Le ton est grave à Addis-Abeba. Ce vendredi 06 février 2026, le Président de la Commission de l’Union Africaine, Mahmoud Ali Youssouf, a réagi avec fermeté à l’attaque par drones qui a visé l’aéroport de Kisangani, dans la partie Est de la République Démocratique du Congo.
Une attaque revendiquée par le mouvement armé AFC/M23 et qui fait craindre un nouveau palier dans l’escalade du conflit.
Dans son communiqué, le chef de l’exécutif de l’UA dit sa « plus vive préoccupation » et condamne « avec la plus grande fermeté » une opération qui, selon lui, met directement en danger des populations civiles dans un grand centre urbain.
Pour l’Union Africaine, viser une infrastructure aéroportuaire située en pleine ville soulève de lourdes questions au regard du droit international humanitaire.
Mahmoud Ali Youssouf rappelle qu’en l’absence de preuves démontrant clairement que la cible avait un caractère strictement militaire, l’aéroport conserve sa présomption de bien civil.

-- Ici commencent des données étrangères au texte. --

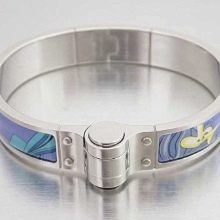 Де використовується паладій? Застосування в прикрасах і ювелірних виробах. Що з паладію роблять в промисловості, для чого він потрібен?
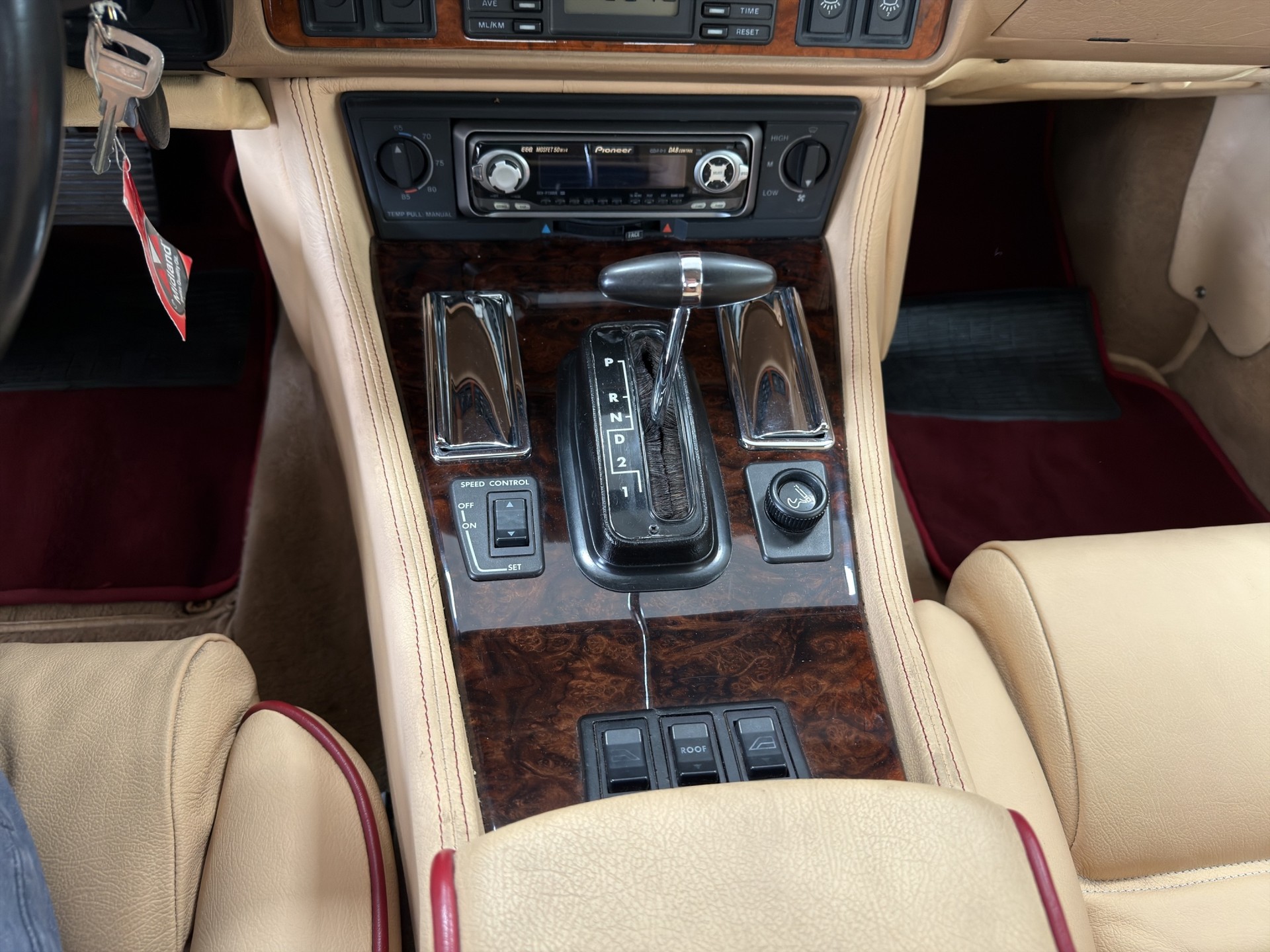 JAGUAR XJS 5.3 V12 Convertible-image-22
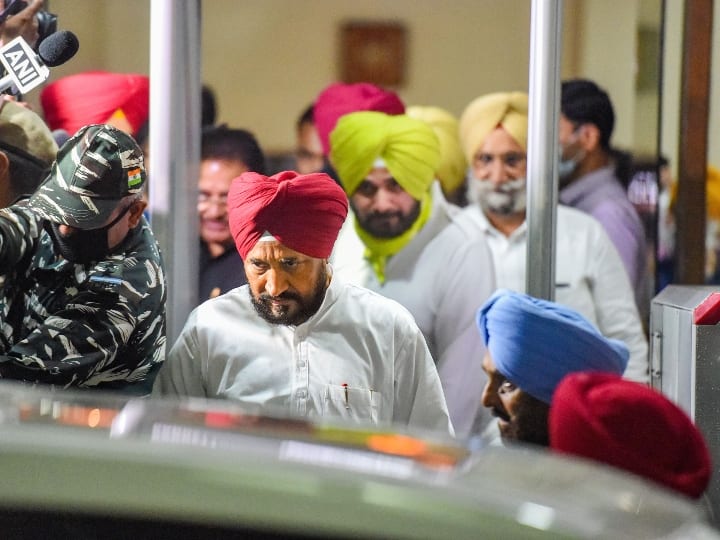 वहीं शिअद ने एक ट्वीट में कांग्रेस नेताओं पर निशाना साधते हुए कहा,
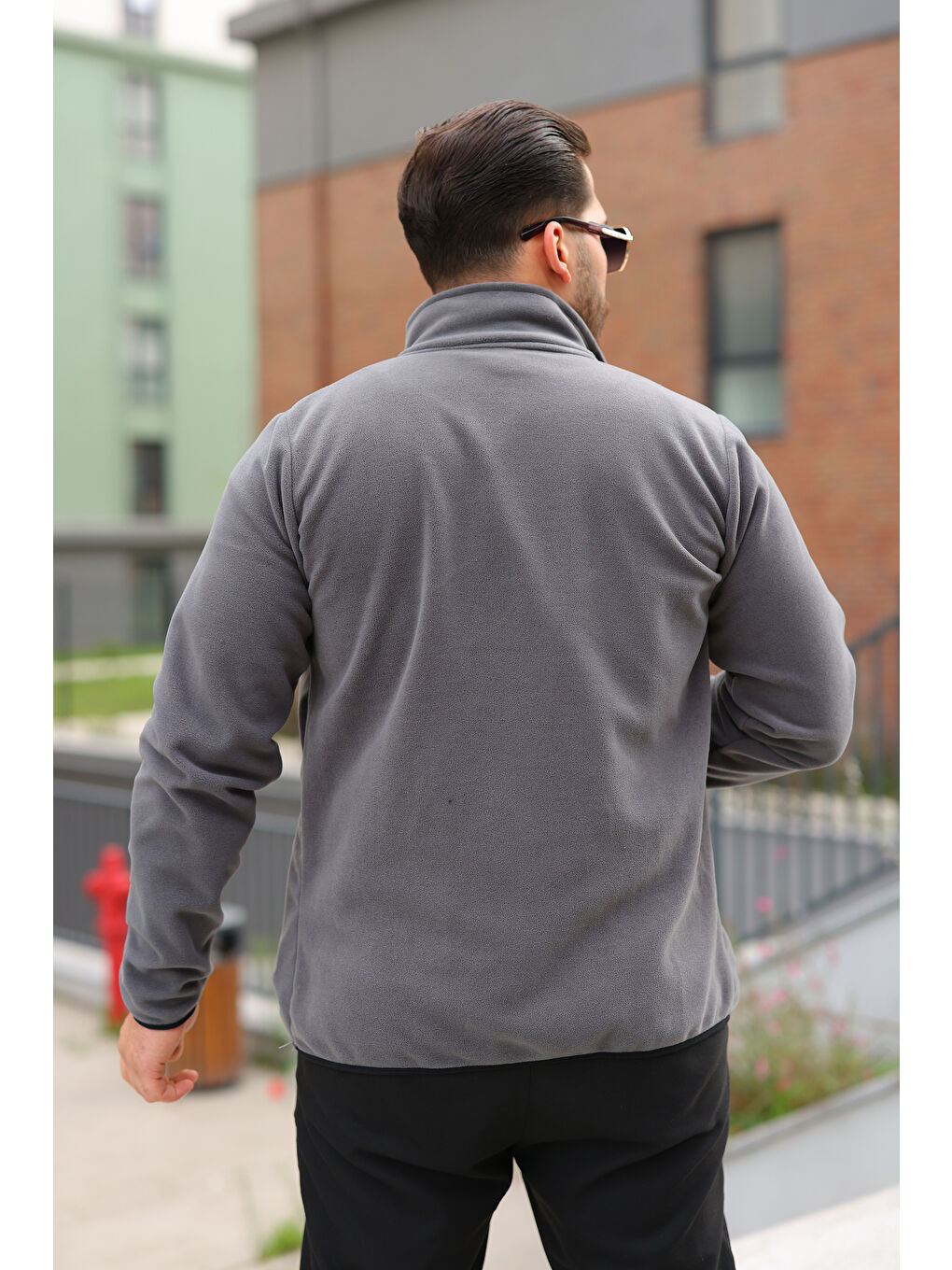 Gri Erkek Kışlık Trend Fermuarlı Cepli Füme Polar Hırka-3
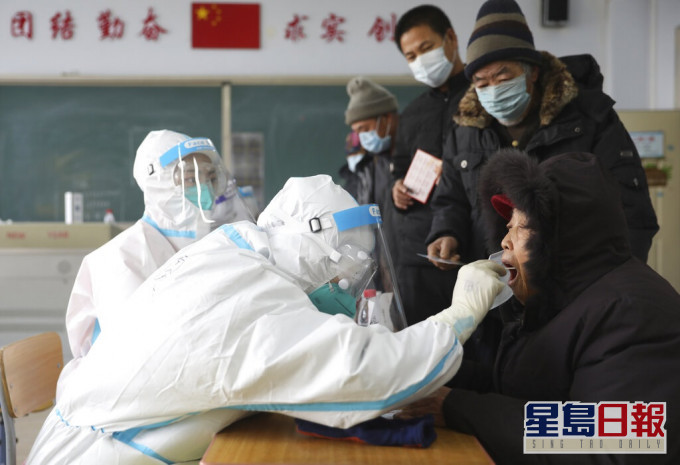 菲律宾禁来自中国旅客入境防范变种病毒。AP资料图片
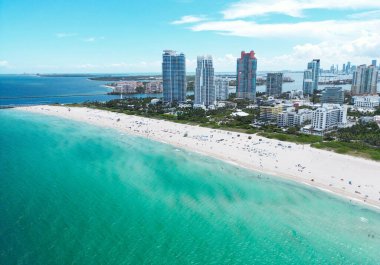 Miami sahili kıyı şeridinin hava manzarası. Miami Sahili Panorama Manzarası. South Pointe Parkı 'nın havadan görünüşü. Miami şehri. Güney Miami 'nin en iyi manzarası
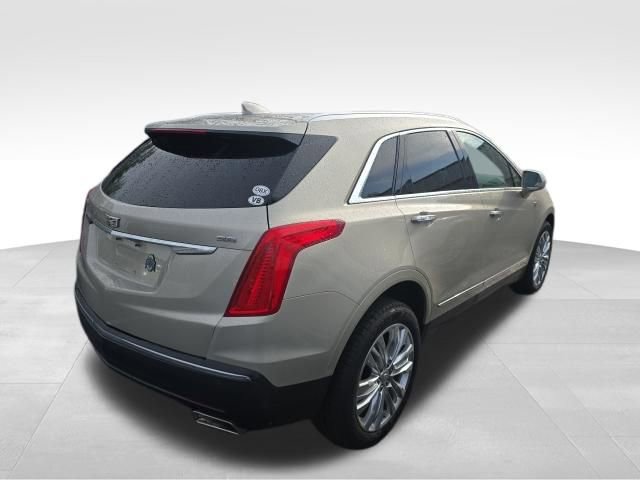 Used 2017 Cadillac XT5 Premium Luxury image 6
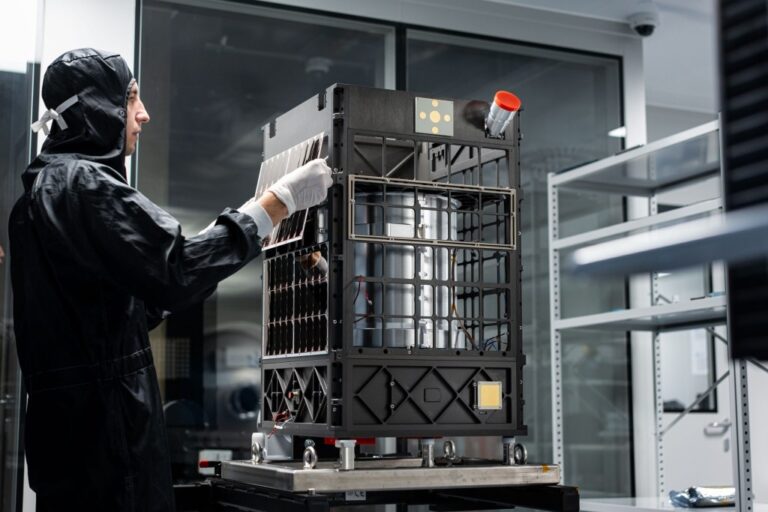 EnduroSat-Endurance-15-assembly-labs-1-scaled.jpg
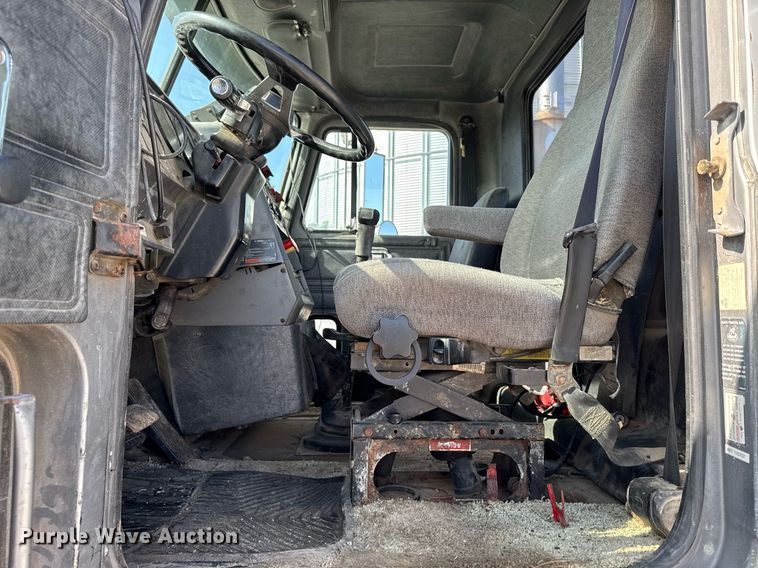 image for item DT0687 1993 Mack CH613 truck cab and chassis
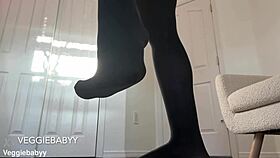 i'm evil supergirl in pantyhose, trapping you with foot worship until you melt me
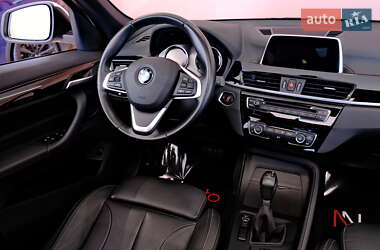 Внедорожник / Кроссовер BMW X1 2017 в 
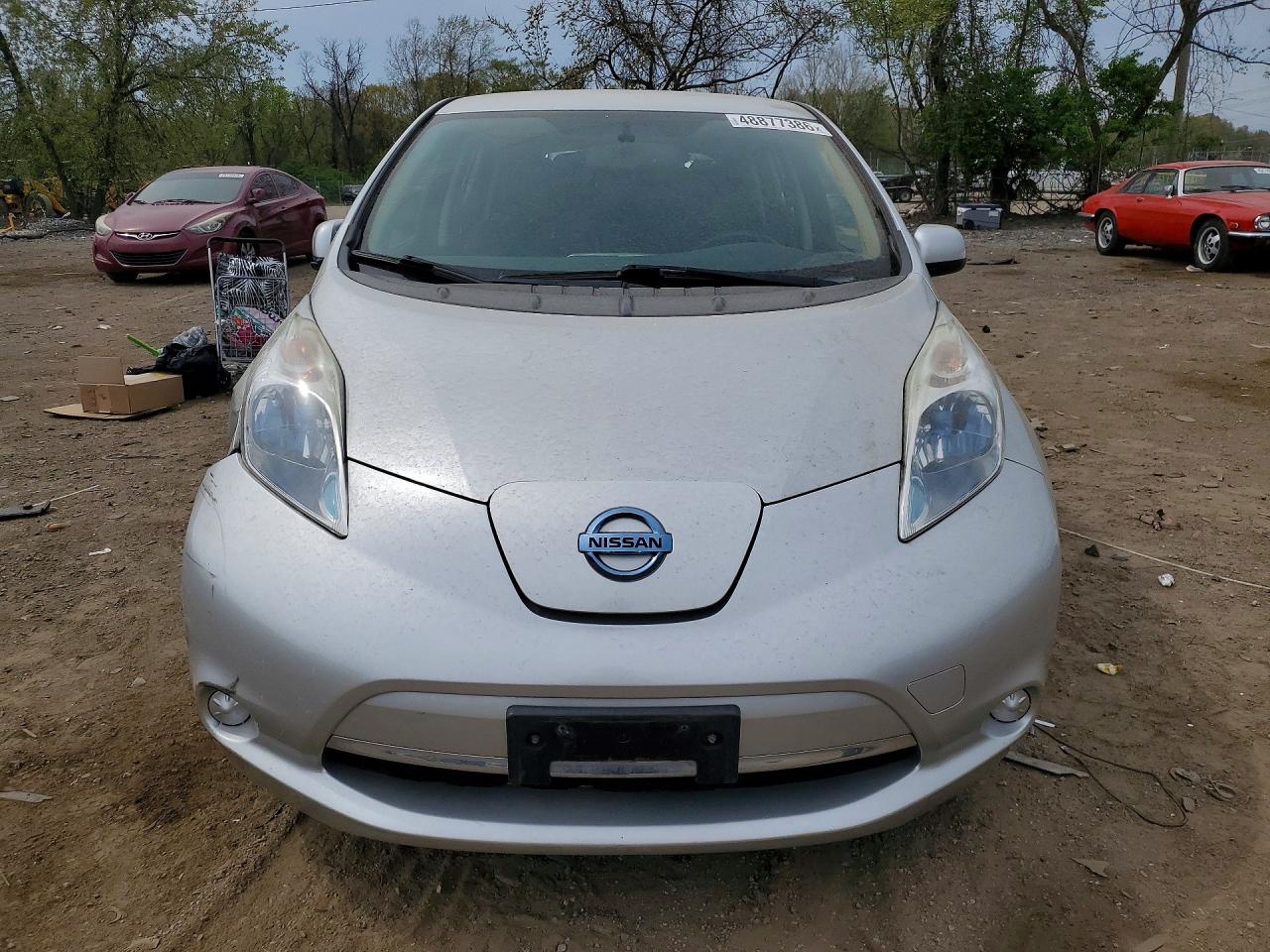 2014 Nissan Leaf Sv Silver vin: 1N4AZ0CP2EC333668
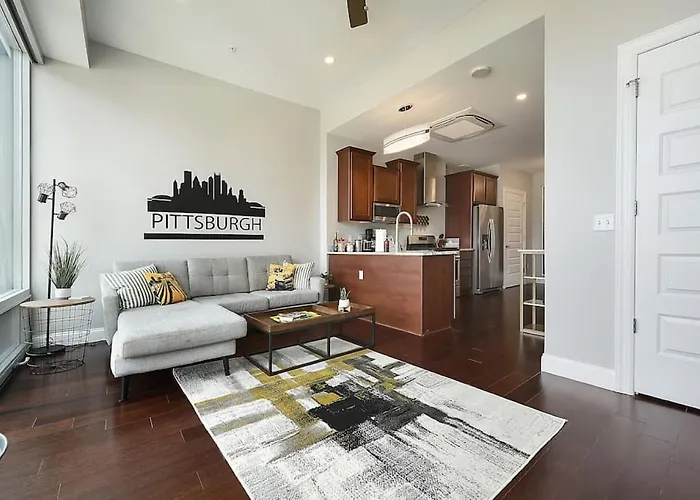 Hostwise Stays - Free Parking Downtown - Skyline Views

À ce titre, il bénéficie d’une protection totale prévue par les règles internationales de la guerre, notamment les principes de distinction, de proportionnalité et de précaution.
Le Président de la Commission va plus loin. En se référant à la Convention de l’OUA de 1999 sur la prévention et la lutte contre le terrorisme ainsi qu’à son protocole de 2004, il estime que cette attaque « est susceptible de relever de la qualification d’acte terroriste ».
Un message fort adressé aux groupes armés non étatiques : aucune justification politique, sécuritaire ou militaire ne peut légitimer des actions qui visent ou mettent en péril des civils et des infrastructures civiles.
L’UA souligne également que de tels actes peuvent engager la responsabilité pénale individuelle de leurs auteurs et commanditaires au regard du droit international.
Autre inquiétude majeure soulevée par l’organisation ; l’extension du théâtre des hostilités à des villes éloignées des lignes de front.
Pour l’Union Africaine, cette évolution constitue un facteur d’escalade particulièrement dangereux, qui menace non seulement la stabilité nationale en RDC, mais aussi l’équilibre régional, déjà fragilisé par une crise humanitaire persistante dans l’est du pays.
Face à cette situation, le Président de la Commission appelle l’AFC/M23 à cesser immédiatement les hostilités, à renoncer à l’usage de méthodes de guerre indiscriminées et à respecter strictement les engagements pris dans le cadre des efforts de paix en cours.
Mahmoud Ali Youssouf exhorte par ailleurs l’ensemble des parties impliquées à mettre en œuvre, « sans délai et de bonne foi », l’Accord de Doha, présenté comme un fondement essentiel pour un cessez-le-feu effectif, une désescalade durable et un retour au dialogue politique.